Instructions for the task:
Copy each line below exactly as it appears. Pictures are to be omitted.

Information supplied:
--------------------------------

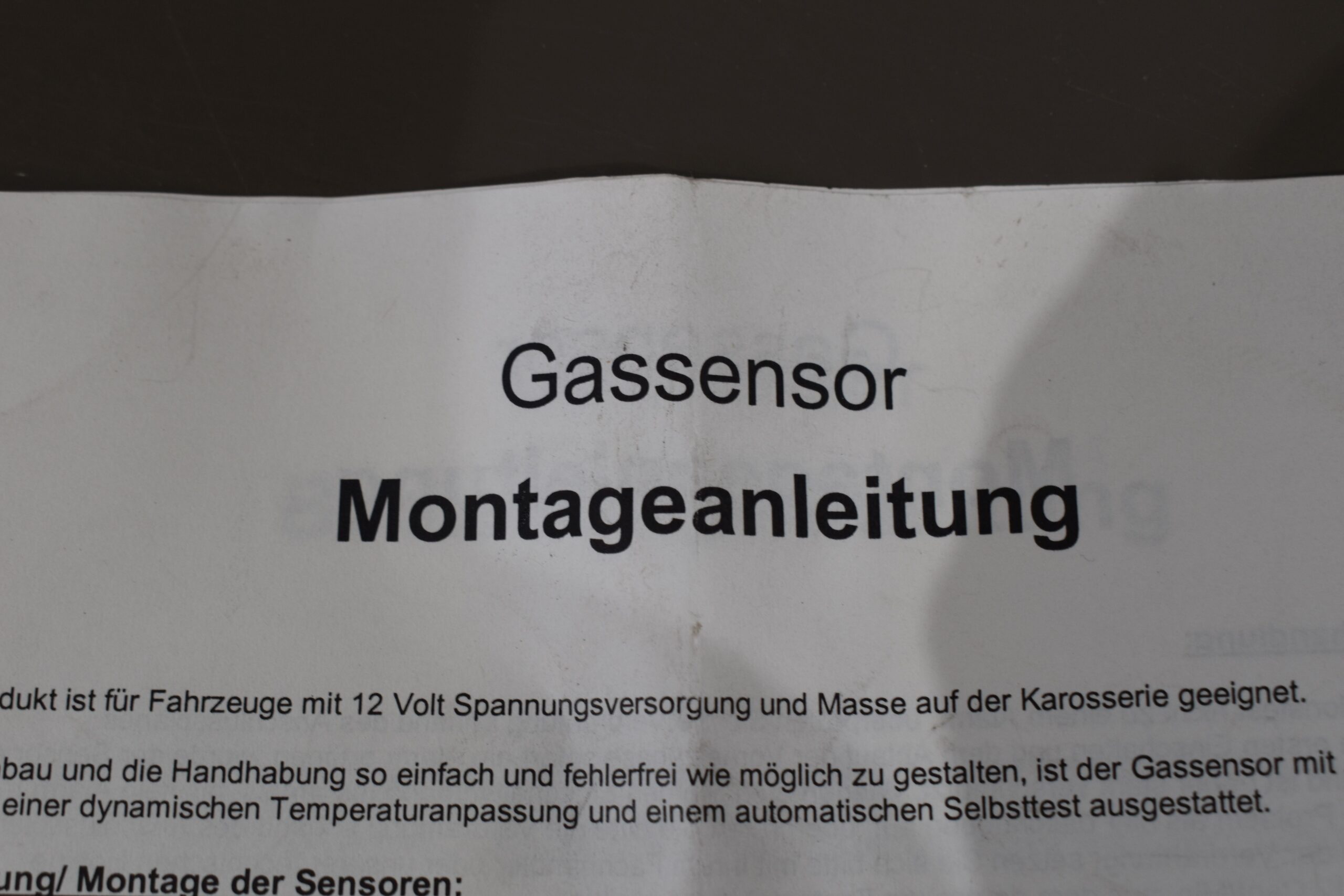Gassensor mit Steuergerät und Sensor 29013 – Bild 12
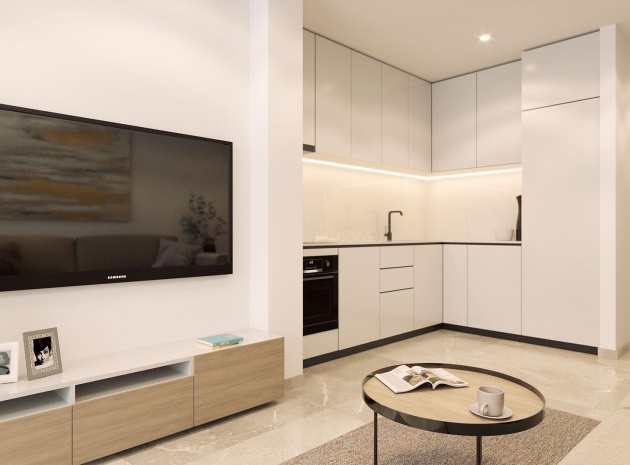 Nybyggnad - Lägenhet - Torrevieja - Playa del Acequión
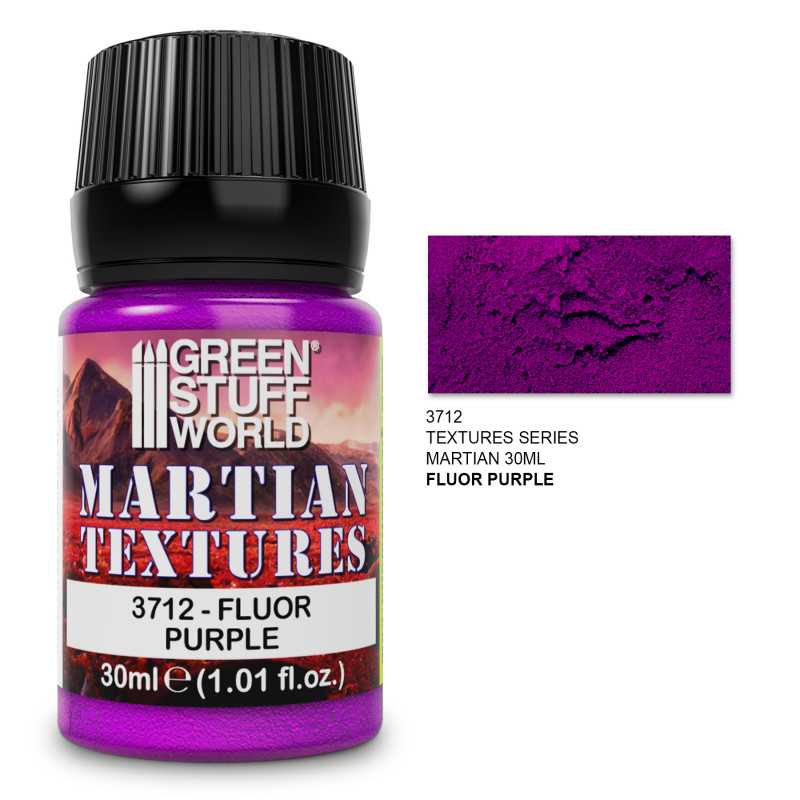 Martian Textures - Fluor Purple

--------------------------------

Problem solution:
Gassensor mit Steuergerät und Sensor 29013 – Bild 12
 Nybyggnad - Lägenhet - Torrevieja - Playa del Acequión
 Martian Textures - Fluor Purple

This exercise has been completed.